Remember the ’94-95 Rookie of the Year race between Grant Hill and Jason Kidd? It was between two great guys, both of whom stood out from among their peers. Grant only improved his teams win total by 8 games, but he put up stellar numbers. Jason Kidd had pretty solid numbers, but he led his team to 36 wins after winning only 13 games the year before.
Two good guys, at the peak of their success, seeming equally deserving…. Sound familiar?
So just like we did in 1995, I say we reward—and award—them both. I mean, what would it harm to forever tie these two guys together in the history books, considering their past and their relationship?

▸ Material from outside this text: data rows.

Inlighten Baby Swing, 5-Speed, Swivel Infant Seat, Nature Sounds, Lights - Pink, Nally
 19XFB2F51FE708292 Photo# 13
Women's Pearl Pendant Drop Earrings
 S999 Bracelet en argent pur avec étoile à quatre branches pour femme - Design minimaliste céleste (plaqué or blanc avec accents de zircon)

Every season, there seem to be 5 criteria for selecting an MVP. Let’s see if we can one can separate from the other:
Statistics – A player has to have numbers that are AT LEAST top 3 in their position. Also, his stats from the current season should compare favorably or easily surpass his stats from previous seasons. This one goes to NASH, who is having a career year. Dirk has improved…but not that much.

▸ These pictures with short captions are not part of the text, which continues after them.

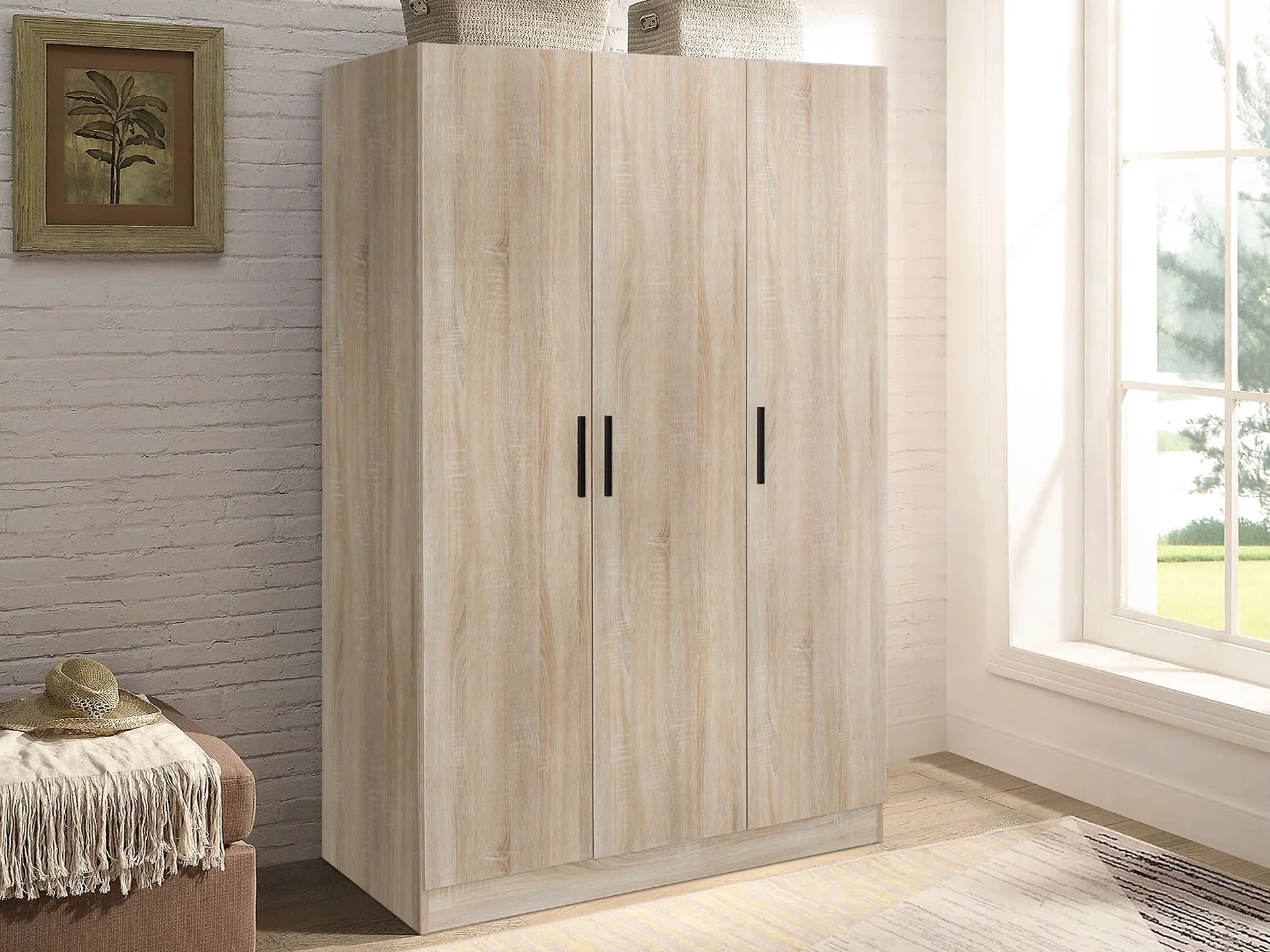 Bram 3 Door Wardrobe Cabinet - Oak - Image 3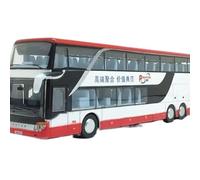 Die-cast car models 1:32 For Bus Model High Imitation Double-decker Sightseeing Alloy ABS Pull Back Flash LED Alloy car models(White)
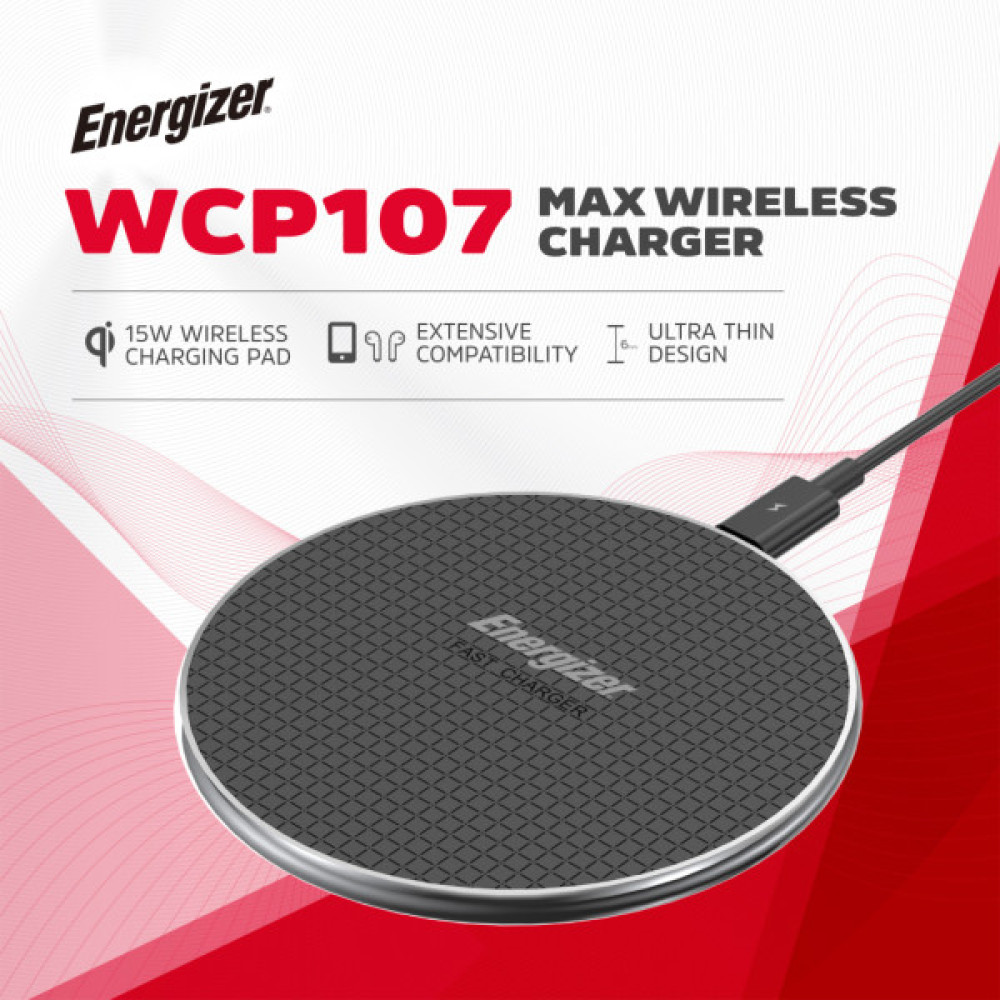 Зарядний пристрій Energizer Qi 15W wireless WCP107 black (WCP107)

Team Success – This is what separates these two from the other candidates. Their 66 & 61 wins are a cut above the rest of the league. Because they obviously have more wins, we give this one to DIRK.
CHAMPIONSHIP Contender – If you look at the last 20 years of MVP candidates, you will find that, interestingly enough, all of their teams were top 3 record-wise in the league, and almost all of them either played in or won the Finals. I think the NBA prefers to bestow the MVP on the player it feels will more likely be playing in June. Because the Mavs play more defense, and because the Suns have Nash’s “Never say die” attitude, I’m calling this one a DRAW.
Offensive AND Defensive Impact – Both of these guys are innovative, unique offensive players—and liabilities on defense. Another DRAW? You bet!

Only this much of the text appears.